田園調布学園中等部・高等部では「授業内だけでは探究学習を終わらせたくない!」「プロジェクトをさらに進めたい!」「自身のテーマをもっと探究したい!」という生徒に対して放課後に「探究ラボ」を開催しています。

探究ラボは、課外時間に探究活動を行いたい生徒が集い、自身が決めたテーマに取り組む探究学習プログラムです。毎週1回、CURIOスタッフとの進捗相談MTG以外はプロジェクトにかける時間は決めずに、生徒たちが裁量を持ってプロジェクトに取り組みます。

デザイン思考を使いプロジェクトを進めていく

2022年の1学期には授業で取り扱ったテーマをさらに深めたいという有志の生徒が集まり、授業の延長として「学校内における困りごと解決デザインプロジェクト」に取り組みました。学校内の困りごとや解決したいものを見つけ、運営委員会(校長先生や主要な先生方が集まる会議)で発表しました。

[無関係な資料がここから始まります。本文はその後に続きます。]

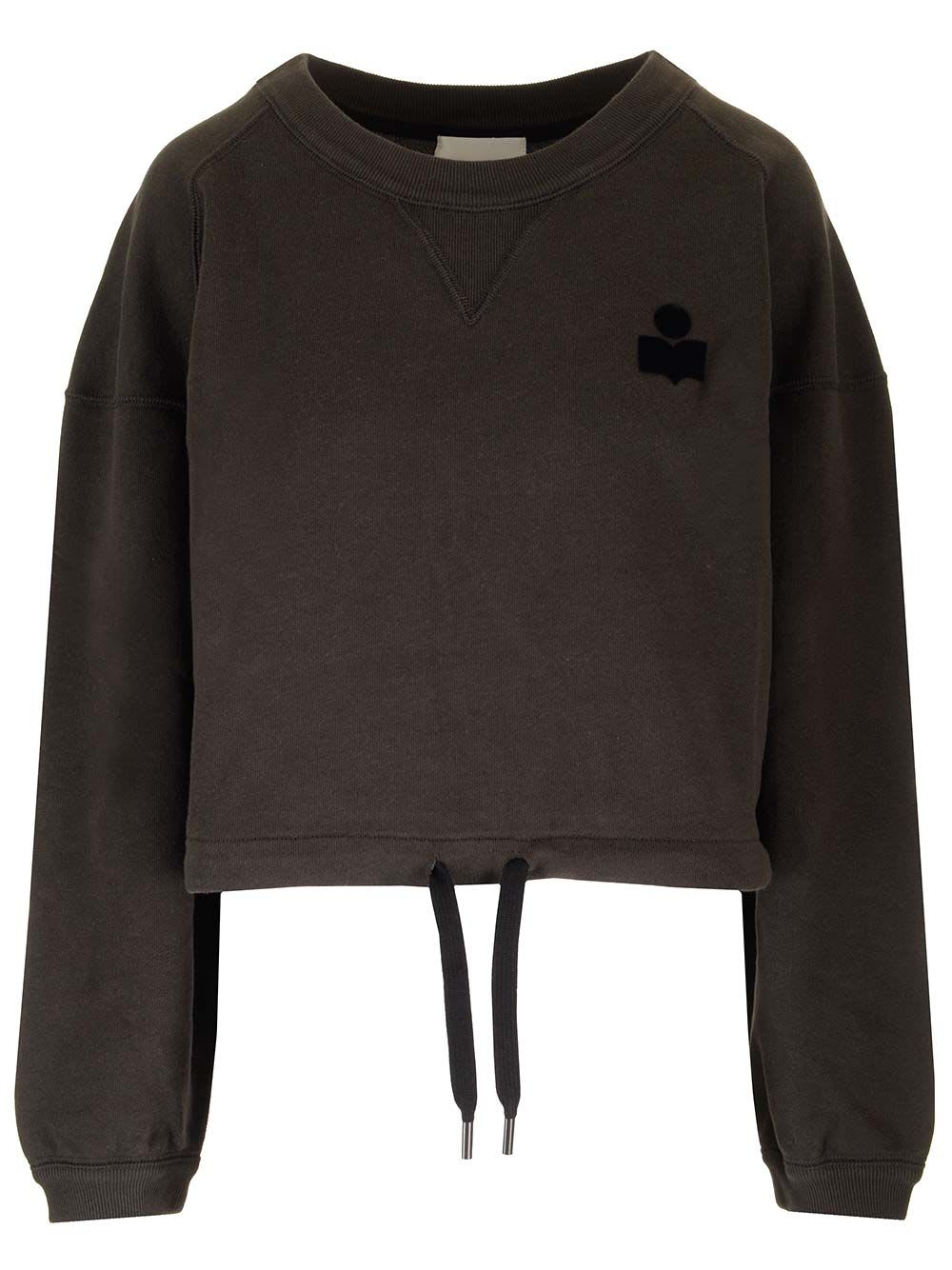 Marant Étoile margo Boxy Fit Sweatshirt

学校内における困りごと解決デザインプロジェクトの記事はこちらです。
https://note.com/curio_/n/n2dadb682a3de

2〜3学期の探究ラボでは、生徒たちが取り組みたいテーマを見つけ、探究活動を進めていきました。「先生の困りごとを解決するデザインプロジェクト」や「We Love Pockyプロジェクト」など、それぞれの興味関心に合わせてテーマを決め、プロジェクトに取り組みました。最終発表として2月25日(土)での第1回 田園調布学園中等部・高等部 探究学習発表会で多くの来校者に向けて探究の成果を発表しました。

チームへのインタビュー

今回は「We Love Pockyプロジェクト」に取り組んだチームにインタビューを行いました。このチームはポッキーへの愛から始まり、プロジェクトを進めていきました。探究学習発表会までの5ヶ月間の道のりを語ってもらいました。

探究学習発表会での様子

「We Love Pockyプロジェクト」の流れ

9月 テーマ決め
知っている企業の名前を挙げながら、取り組むテーマを検討しました。チームメンバー全員がお菓子が好きなことから、ポッキーゲームに注目しプロジェクトを進め始めました。

テーマ決めの様子

10~11月 課題発見
先生や友達など身の回りの人にインタビューをし、ポッキーゲームやポッキーに関する情報を広く集めました。プロジェクトを進めていくうちに、自分たちが大好きなポッキーに課題があることに気がつきました。勉強時や友達とシェアするときに、ポッキーを食べやすくするアイデアを考え課題解決に取り組みました。

アイデアを検討する様子

12月〜1月 プロトタイプ作成
考えたアイデアからプロトタイプを作成しました。ただ作るだけではなく、実際に使ってみることで、アイデアが課題を解決できているか検証しました。何度も試行錯誤を繰り返し、課題が解決できる形を模索し続けました。

プロトタイプ作成の様子

2月 企業への提案&探究学習発表会
江崎グリコ株式会社にメールを送り、アイデアを提案しました。他の製菓会社を調べ、自分たちのアイデアが当てはまりそうな会社に連絡を取りました。最終発表として第1回 田園調布学園中等部・高等部 探究学習発表会にて、5ヶ月間の探究の成果を発表しました。

探究学習発表会にて発表する様子

チームメンバーへのインタビュー

左からAさん、Bさん、Cさん、Dさん


Q.ポッキーをテーマに探究活動を始めた理由を教えてください。

B 探究ラボを始める時、身近なものをテーマに探究活動をやりたいと思っていたのですが、なかなかテーマが決まりませんでした。今回は知ってる企業の名前をあげながら、テーマを探しました。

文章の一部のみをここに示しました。